▶ [Information]:
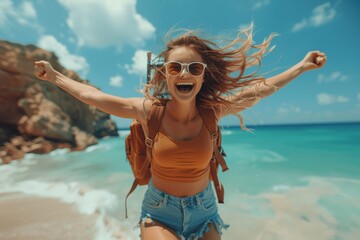 Happy traveler jumping at the beach - Man enjoying freedom and fun outdoors - Travel, adventure, summer vacation, and wellbeing concept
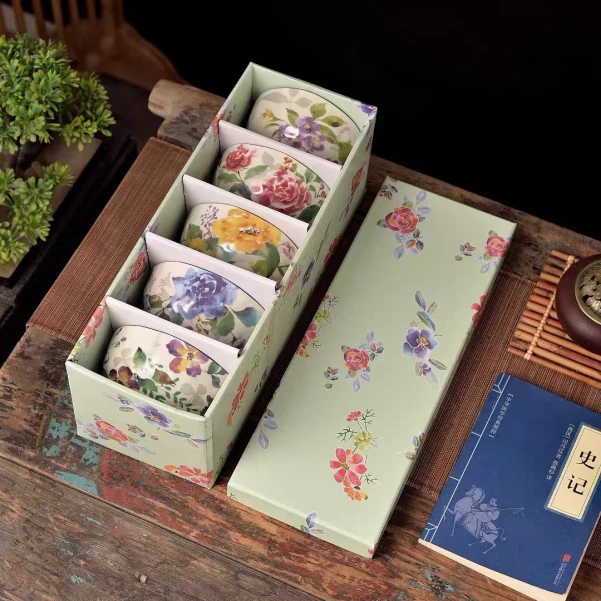 易清洗田园风大众碗家用瓷碗 颜色规格随机 FL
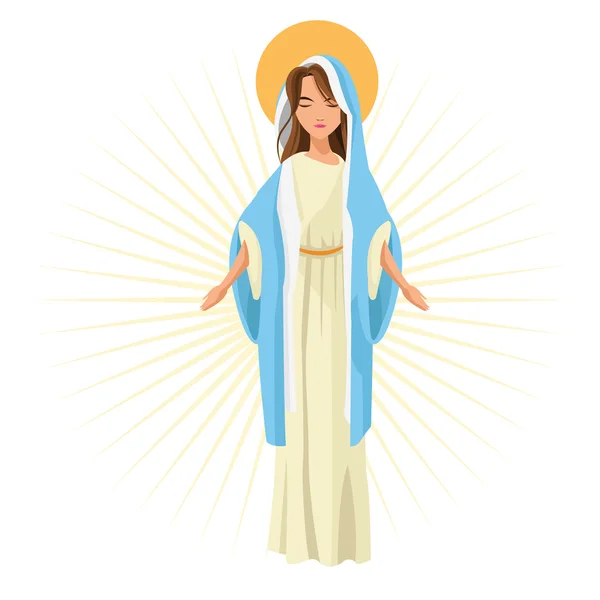 Heliga Maria religion ikon. Vektorgrafik — Stock vektor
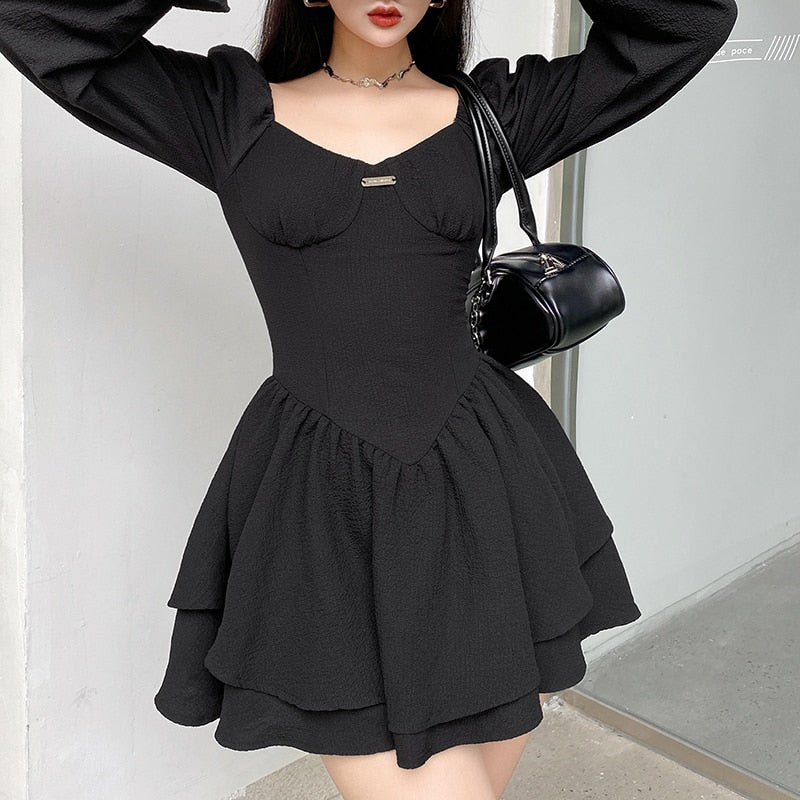 vmtvr - Fashion Elegant Puff Sleeve Black Dress Women Corset Autumn Pleated Sexy Party Dress Mini Double Layer Ruched Clothes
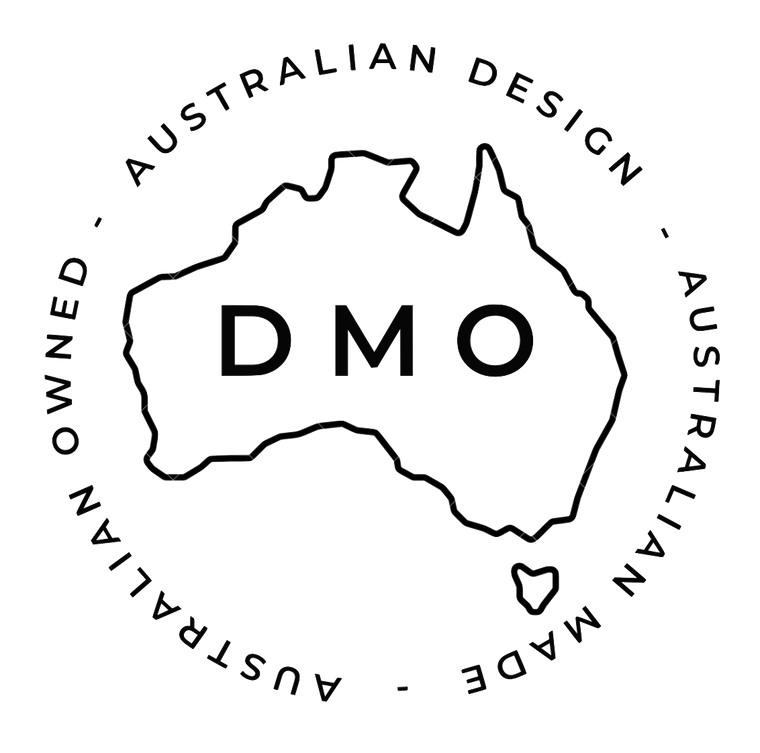 Australian Design, Australian Made, Australian Owned Logo - showing letters DMO inside an outline of Australia, with text in circle around.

▶ [Exercise]:
Pictures aside, return all of the material exactly as written.

▶ [Written solution]:
 Happy traveler jumping at the beach - Man enjoying freedom and fun outdoors - Travel, adventure, summer vacation, and wellbeing concept
 易清洗田园风大众碗家用瓷碗 颜色规格随机 FL
 Heliga Maria religion ikon. Vektorgrafik — Stock vektor
 vmtvr - Fashion Elegant Puff Sleeve Black Dress Women Corset Autumn Pleated Sexy Party Dress Mini Double Layer Ruched Clothes
 Australian Design, Australian Made, Australian Owned Logo - showing letters DMO inside an outline of Australia, with text in circle around.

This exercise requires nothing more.